The records below:

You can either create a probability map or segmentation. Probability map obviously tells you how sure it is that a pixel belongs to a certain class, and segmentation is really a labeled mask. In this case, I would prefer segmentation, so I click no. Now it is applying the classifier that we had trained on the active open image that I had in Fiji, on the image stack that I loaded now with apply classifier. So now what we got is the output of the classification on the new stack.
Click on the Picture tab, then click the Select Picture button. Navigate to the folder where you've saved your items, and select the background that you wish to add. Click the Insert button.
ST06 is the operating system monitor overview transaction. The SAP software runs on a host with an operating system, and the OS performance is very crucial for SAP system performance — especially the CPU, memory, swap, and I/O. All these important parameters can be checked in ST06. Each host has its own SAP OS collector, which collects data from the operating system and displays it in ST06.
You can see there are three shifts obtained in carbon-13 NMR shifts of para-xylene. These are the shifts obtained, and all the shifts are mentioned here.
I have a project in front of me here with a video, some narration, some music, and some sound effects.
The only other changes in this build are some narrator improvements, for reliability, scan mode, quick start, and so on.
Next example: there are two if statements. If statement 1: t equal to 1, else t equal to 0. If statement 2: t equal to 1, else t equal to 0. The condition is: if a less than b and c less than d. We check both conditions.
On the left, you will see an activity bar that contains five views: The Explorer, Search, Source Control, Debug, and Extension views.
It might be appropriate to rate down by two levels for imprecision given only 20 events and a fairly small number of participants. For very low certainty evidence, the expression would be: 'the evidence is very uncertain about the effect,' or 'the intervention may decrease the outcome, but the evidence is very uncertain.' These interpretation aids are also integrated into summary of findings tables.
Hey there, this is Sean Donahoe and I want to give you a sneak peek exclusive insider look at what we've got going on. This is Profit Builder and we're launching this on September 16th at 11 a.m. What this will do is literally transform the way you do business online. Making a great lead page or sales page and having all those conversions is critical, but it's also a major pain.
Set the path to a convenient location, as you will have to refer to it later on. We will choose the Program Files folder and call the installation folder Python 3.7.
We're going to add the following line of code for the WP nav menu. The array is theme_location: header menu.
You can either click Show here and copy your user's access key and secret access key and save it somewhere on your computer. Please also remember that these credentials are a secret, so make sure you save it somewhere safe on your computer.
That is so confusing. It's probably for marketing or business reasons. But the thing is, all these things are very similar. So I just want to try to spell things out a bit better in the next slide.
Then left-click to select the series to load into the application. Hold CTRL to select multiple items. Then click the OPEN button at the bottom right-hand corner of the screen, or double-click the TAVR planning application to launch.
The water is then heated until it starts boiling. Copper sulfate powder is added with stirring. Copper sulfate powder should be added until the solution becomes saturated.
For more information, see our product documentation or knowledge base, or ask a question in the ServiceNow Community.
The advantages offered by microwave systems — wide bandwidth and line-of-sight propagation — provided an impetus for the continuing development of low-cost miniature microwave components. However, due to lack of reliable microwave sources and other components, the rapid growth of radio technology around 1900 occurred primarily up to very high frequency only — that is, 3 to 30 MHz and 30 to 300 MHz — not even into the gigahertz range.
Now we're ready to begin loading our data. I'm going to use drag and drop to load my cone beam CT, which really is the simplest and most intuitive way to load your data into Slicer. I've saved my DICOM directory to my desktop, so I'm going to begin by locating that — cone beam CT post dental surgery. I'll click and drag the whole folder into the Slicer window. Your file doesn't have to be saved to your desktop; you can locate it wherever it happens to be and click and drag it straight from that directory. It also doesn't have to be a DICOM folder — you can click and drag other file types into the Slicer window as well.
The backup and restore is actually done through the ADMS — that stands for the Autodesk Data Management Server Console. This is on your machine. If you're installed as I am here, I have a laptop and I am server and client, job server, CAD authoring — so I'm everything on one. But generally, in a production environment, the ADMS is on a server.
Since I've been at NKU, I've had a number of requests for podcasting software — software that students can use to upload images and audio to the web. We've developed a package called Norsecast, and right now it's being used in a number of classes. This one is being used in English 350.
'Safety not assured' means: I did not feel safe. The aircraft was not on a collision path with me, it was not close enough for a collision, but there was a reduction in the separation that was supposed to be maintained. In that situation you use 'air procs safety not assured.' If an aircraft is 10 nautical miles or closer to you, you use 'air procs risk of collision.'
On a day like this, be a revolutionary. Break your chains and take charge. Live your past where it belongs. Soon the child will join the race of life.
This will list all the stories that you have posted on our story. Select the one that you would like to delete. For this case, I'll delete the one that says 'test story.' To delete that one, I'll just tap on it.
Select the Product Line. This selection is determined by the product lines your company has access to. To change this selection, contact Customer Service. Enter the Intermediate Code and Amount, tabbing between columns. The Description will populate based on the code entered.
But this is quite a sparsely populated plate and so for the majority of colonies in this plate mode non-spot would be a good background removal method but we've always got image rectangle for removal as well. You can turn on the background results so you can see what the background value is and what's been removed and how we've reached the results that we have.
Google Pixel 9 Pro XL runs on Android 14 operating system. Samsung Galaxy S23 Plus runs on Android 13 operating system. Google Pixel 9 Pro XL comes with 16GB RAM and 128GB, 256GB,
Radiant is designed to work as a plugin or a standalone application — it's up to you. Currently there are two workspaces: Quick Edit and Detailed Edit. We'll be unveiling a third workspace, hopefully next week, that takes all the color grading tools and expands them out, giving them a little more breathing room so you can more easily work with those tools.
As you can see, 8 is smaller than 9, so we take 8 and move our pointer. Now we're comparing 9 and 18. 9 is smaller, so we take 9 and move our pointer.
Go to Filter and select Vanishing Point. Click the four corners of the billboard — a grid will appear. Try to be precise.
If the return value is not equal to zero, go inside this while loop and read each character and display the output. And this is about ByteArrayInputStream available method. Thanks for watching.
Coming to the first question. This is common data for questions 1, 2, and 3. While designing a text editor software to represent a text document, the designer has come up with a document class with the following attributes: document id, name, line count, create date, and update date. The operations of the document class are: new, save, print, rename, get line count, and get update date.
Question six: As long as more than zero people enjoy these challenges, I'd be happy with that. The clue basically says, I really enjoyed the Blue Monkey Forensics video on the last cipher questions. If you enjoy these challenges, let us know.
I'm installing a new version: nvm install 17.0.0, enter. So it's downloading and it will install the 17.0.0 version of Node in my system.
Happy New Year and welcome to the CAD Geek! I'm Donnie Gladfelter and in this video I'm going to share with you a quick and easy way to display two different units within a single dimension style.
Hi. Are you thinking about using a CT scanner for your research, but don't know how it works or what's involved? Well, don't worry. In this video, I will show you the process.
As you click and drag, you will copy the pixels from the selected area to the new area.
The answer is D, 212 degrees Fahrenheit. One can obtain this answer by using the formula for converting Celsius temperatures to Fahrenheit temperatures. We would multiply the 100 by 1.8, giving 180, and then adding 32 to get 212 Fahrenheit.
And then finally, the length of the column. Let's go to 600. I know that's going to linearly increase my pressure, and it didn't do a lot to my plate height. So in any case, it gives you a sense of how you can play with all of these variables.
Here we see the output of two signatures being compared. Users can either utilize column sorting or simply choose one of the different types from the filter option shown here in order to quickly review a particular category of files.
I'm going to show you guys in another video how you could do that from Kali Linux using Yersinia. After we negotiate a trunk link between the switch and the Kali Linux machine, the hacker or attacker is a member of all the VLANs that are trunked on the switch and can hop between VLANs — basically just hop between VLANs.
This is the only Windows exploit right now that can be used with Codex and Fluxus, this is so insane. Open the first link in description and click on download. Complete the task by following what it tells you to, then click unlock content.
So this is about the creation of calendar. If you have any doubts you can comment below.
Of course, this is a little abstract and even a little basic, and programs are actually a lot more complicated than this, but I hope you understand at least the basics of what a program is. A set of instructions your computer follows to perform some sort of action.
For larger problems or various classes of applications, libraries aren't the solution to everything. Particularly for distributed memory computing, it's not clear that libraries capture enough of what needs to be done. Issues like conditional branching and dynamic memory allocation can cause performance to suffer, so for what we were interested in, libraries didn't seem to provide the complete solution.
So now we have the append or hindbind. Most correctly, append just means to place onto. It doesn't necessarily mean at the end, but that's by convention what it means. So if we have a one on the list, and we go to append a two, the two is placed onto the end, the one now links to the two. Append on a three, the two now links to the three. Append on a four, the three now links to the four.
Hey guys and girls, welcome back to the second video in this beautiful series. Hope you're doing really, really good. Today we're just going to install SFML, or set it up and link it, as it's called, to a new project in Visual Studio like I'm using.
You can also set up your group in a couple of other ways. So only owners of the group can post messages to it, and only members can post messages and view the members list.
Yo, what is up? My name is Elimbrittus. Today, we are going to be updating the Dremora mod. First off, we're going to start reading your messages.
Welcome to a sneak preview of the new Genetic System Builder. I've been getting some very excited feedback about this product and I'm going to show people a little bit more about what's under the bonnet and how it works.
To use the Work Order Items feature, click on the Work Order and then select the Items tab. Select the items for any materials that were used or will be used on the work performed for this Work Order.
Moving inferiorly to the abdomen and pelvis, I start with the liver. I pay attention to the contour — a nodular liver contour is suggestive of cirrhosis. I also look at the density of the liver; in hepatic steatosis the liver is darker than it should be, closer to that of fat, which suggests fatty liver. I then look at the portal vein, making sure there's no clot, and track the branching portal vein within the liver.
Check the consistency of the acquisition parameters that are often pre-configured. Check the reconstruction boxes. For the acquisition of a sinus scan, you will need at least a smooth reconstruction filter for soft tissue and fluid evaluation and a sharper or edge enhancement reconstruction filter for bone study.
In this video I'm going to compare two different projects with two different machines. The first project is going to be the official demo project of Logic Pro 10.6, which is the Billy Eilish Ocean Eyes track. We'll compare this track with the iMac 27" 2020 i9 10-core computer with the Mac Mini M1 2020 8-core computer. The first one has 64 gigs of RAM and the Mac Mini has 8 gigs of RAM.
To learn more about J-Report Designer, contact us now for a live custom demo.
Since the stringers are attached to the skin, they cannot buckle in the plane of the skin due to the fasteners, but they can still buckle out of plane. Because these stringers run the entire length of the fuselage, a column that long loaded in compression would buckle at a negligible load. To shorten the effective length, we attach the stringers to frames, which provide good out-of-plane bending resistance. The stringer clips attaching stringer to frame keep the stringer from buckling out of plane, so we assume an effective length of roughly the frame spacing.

End of The records.

Work order
An exact copy of the lines above, from the one containing "I have a project" down to the one containing "Hey there, this" and including both, is the whole answer; retype it and nothing else.

Solution to this problem
I have a project in front of me here with a video, some narration, some music, and some sound effects.
The only other changes in this build are some narrator improvements, for reliability, scan mode, quick start, and so on.
Next example: there are two if statements. If statement 1: t equal to 1, else t equal to 0. If statement 2: t equal to 1, else t equal to 0. The condition is: if a less than b and c less than d. We check both conditions.
On the left, you will see an activity bar that contains five views: The Explorer, Search, Source Control, Debug, and Extension views.
It might be appropriate to rate down by two levels for imprecision given only 20 events and a fairly small number of participants. For very low certainty evidence, the expression would be: 'the evidence is very uncertain about the effect,' or 'the intervention may decrease the outcome, but the evidence is very uncertain.' These interpretation aids are also integrated into summary of findings tables.
Hey there, this is Sean Donahoe and I want to give you a sneak peek exclusive insider look at what we've got going on. This is Profit Builder and we're launching this on September 16th at 11 a.m. What this will do is literally transform the way you do business online. Making a great lead page or sales page and having all those conversions is critical, but it's also a major pain.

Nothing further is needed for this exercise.